Task to complete. Nothing but the lines below from the one holding "Combo sound card" up to and including the one holding "4 Kinds 55PCS" should be copied, exactly and without pictures.

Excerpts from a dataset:
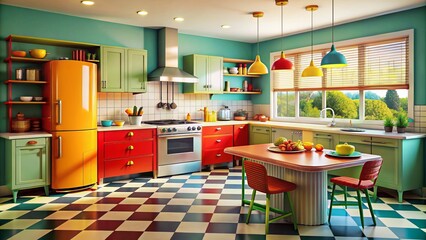 Embrace retro charm with 1950s kitchen designs showcasing colorful decor and vintage appliances, perfect for creating a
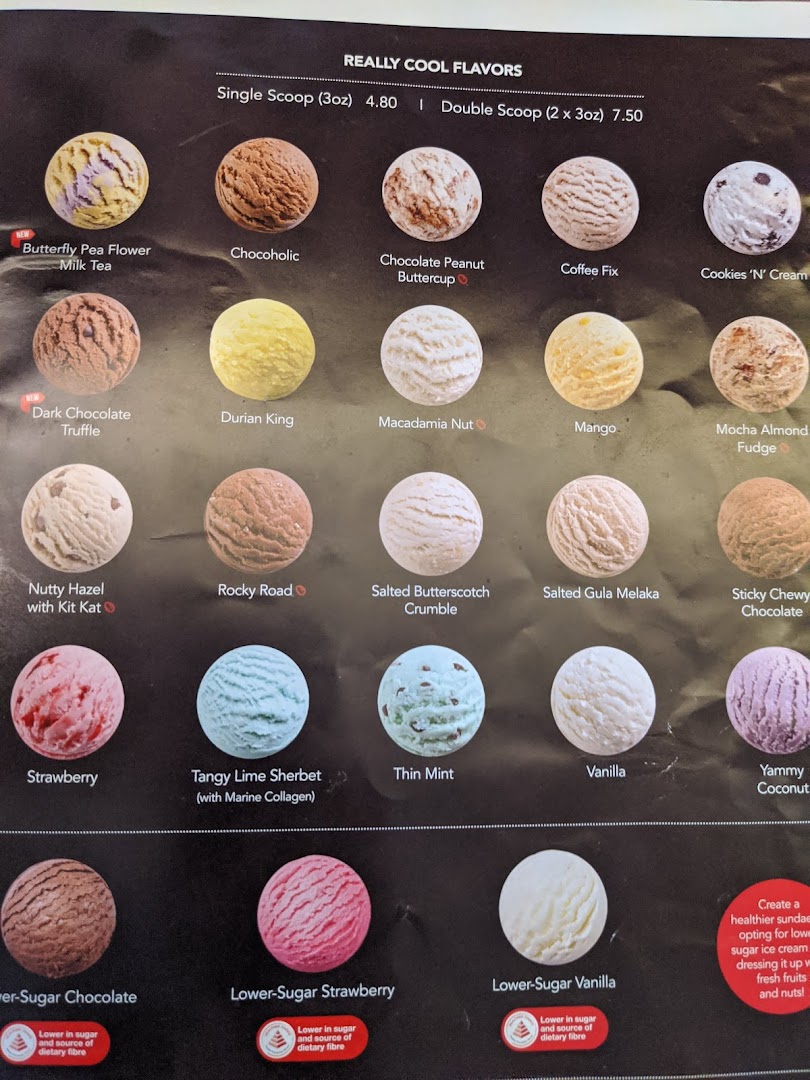 A vibrant menu displaying a variety of ice cream flavors, including classic and lower-sugar options.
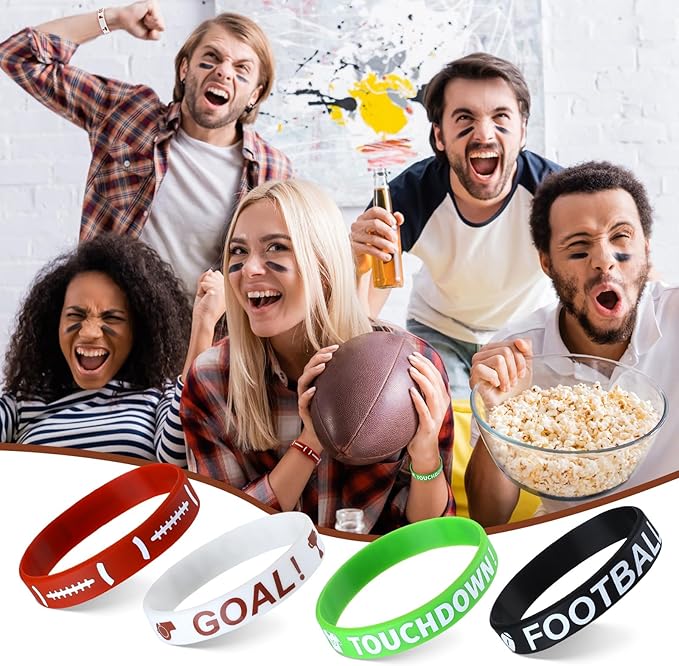 Nuogo 48 Pcs Football Party Favors Supplies Include 12 Pcs Football Goodie Bags 12 Pcs Football Bracelets 12 Pcs Football Stress Balls 12 Pcs Mini Football Keychain Birthday School Sport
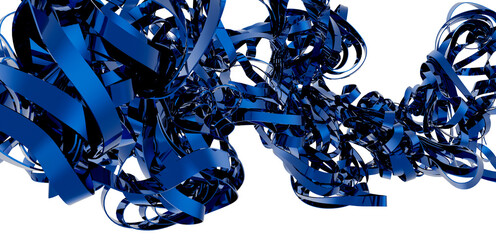 Leinwandbilder - Intricate blue ribbons swirl in a dynamic 3D render, perfect for tech or design projects.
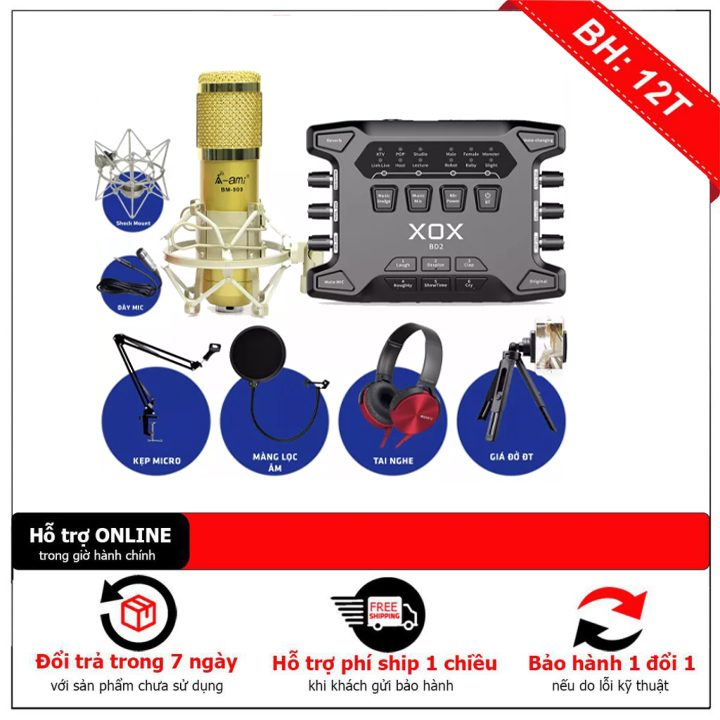Combo sound card xox bd2 và micro thu âm bm900 live stream karaoke oneline, hiệu chỉnh độ nhạy, âm lượng cho micro dễ dàng - nhiều hiệu ứng vui nhộn livestream, karaoke online chuyên nghiệp .
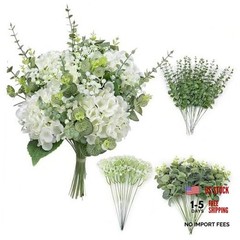4 Kinds 55PCS Silk Hydrangea Artificial Flowers Eucalyptus White Hydrangea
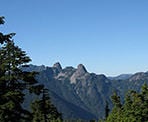 A view of the Lions in the distance from the Hollyburn Mountain trail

Task solution.
Combo sound card xox bd2 và micro thu âm bm900 live stream karaoke oneline, hiệu chỉnh độ nhạy, âm lượng cho micro dễ dàng - nhiều hiệu ứng vui nhộn livestream, karaoke online chuyên nghiệp .
4 Kinds 55PCS Silk Hydrangea Artificial Flowers Eucalyptus White Hydrangea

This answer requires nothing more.